GoogleSQL for BigQuery supports collation. Collation defines rules to sort and compare strings in certain operations, such as conditional expressions, joins, and groupings.
By default, GoogleSQL sorts strings case-sensitively. This means that a and
A are treated as different letters, and Z would come before a.
Example default sorting: Apple, Zebra, apple
By contrast, collation lets you sort and compare strings case-insensitively or according to specific language rules.
Example case-insensitive collation: Apple, apple, Zebra
To customize collation for a collation-supported operation, you typically assign a collation specification to at least one string in the operation inputs. Some operations can't use collation, but can propagate collation through them.
Collation is useful when you need fine-tuned control over how values are sorted, joined, or grouped in tables.
Operations affected by collation
The following example query operations are affected by collation when sorting and comparing strings:
| Operations | 
|---|
| Collation-supported comparison operations | 
| Join operations | 
| ORDER BY | 
| GROUP BY | 
| WINDOWfor window functions | 
| Collation-supported scalar functions | 
| Collation-supported aggregate functions | 
| Set operations | 
| NULLIFconditional expression | 
Operations that propagate collation
Collation can pass through some query operations to other parts of a query. When collation passes through an operation in a query, this is known as propagation. During propagation:
- If an input contains no collation specification or an empty collation specification and another input contains an explicitly defined collation, the explicitly defined collation is used for all of the inputs.
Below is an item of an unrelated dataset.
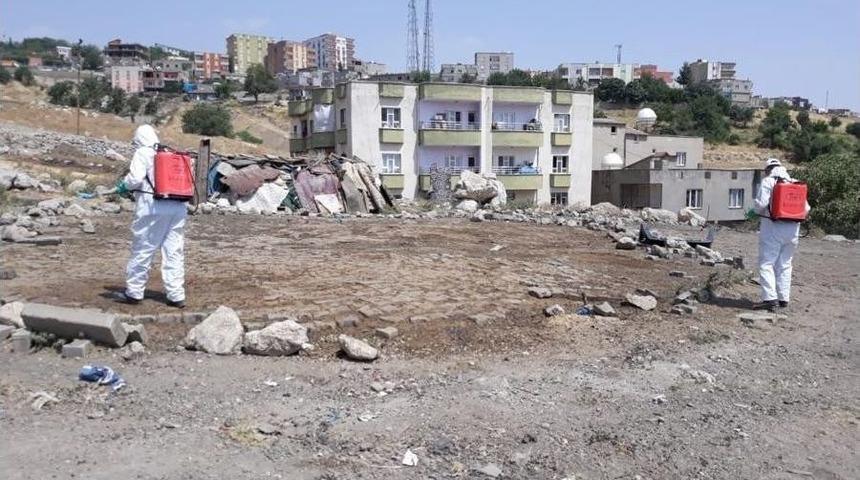 Şırnak Şehir Merkezinde İlaçlama Çalışmaları Devam Ediyor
- All inputs with a non-empty explicitly defined collation specification must have the same type of collation specification, otherwise an error is thrown.
GoogleSQL has several functions, operators, and expressions that can propagate collation.
In the following example, the 'und:ci' collation specification is propagated
from the character column to the ORDER BY operation.
-- With collation
SELECT *
FROM UNNEST([
  COLLATE('B', 'und:ci'),
  'b',
  'a'
]) AS character
ORDER BY character
/*-----------*
 | character |
 +-----------+
 | a         |
 | B         |
 | b         |
 *-----------*/
-- Without collation
SELECT *
FROM UNNEST([
  'B',
  'b',
  'a'
]) AS character
ORDER BY character
/*-----------*
 | character |
 +-----------+
 | B         |
 | a         |
 | b         |
 *-----------*/
Functions
The following example functions propagate collation.
| Function | Notes | 
|---|---|
| AEAD.DECRYPT_STRING | |
| ANY_VALUE | |
| ARRAY_AGG | Collation on input arguments are propagated as collation on the array element. | 
| ARRAY_FIRST | |
| ARRAY_LAST | |
| ARRAY_SLICE | |
| ARRAY_TO_STRING | Collation on array elements are propagated to output. | 
| COLLATE | |
| CONCAT | |
| FORMAT | Collation from format_stringto the returned string is propagated. | 
| FORMAT_DATE | Collation from format_stringto the returned string is propagated. | 
| FORMAT_DATETIME | Collation from format_stringto the returned string is propagated. | 
| FORMAT_TIME | Collation from format_stringto the returned string is propagated. | 
| FORMAT_TIMESTAMP | Collation from format_stringto the returned string is propagated. | 
| GREATEST | |
| LAG | |
| LEAD | |
| LEAST | |
| LEFT | |
| LOWER | |
| LPAD | |
| MAX | |
| MIN | |
| NET.HOST | |
| NET.PUBLIC_SUFFIX | |
| NET.REG_DOMAIN | |
| NTH_VALUE | |
| NORMALIZE | |
| NORMALIZE_AND_CASEFOLD | |
| REPEAT | |
| REPLACE | |
| REVERSE | |
| RIGHT | |
| RPAD | |
| SOUNDEX | |
| SPLIT | Collation on input arguments are propagated as collation on the array element. | 
| STRING_AGG | |
| SUBSTR | |
| UPPER | 
Operators
The following example operators propagate collation.
| Operator | Notes | 
|---|---|
| ||concatenation operator | |
| Array subscript operator | Propagated to output. | 
| Set operators | Collation of an output column is decided by the collations of input columns at the same position. | 
| STRUCTfield access operator | When getting a STRUCT, collation on theSTRUCTfield is propagated as the output collation. | 
| UNNEST | Collation on the input array element is propagated to output. | 
Expressions
The following example expressions propagate collation.
| Expression | Notes | 
|---|---|
| ARRAY | When you construct an ARRAY, collation on input arguments is propagated on the elements in theARRAY. | 
| CASE | |
| CASEexpr | |
| COALESCE | |
| IF | |
| IFNULL | |
| NULLIF | |
| STRUCT | When you construct a STRUCT, collation on input arguments is propagated on the fields in theSTRUCT. | 
Additional features that support collation
These features in BigQuery generally support collation:
| Feature | Notes | 
|---|---|
| Views | |
| Materialized views | This feature supports collation, but limitations apply | 
| Table functions | This feature supports collation, but limitations apply | 
| BI engine | 
Where you can assign a collation specification
You can assign a collation specification to these collation-supported types:
- A STRING
- A STRINGfield in aSTRUCT
- A STRINGelement in anARRAY
In addition:
- You can assign a default collation specification to a dataset when you create or alter it. This assigns a default collation specification to all future tables that are added to the dataset if the tables don't have their own default collation specifications.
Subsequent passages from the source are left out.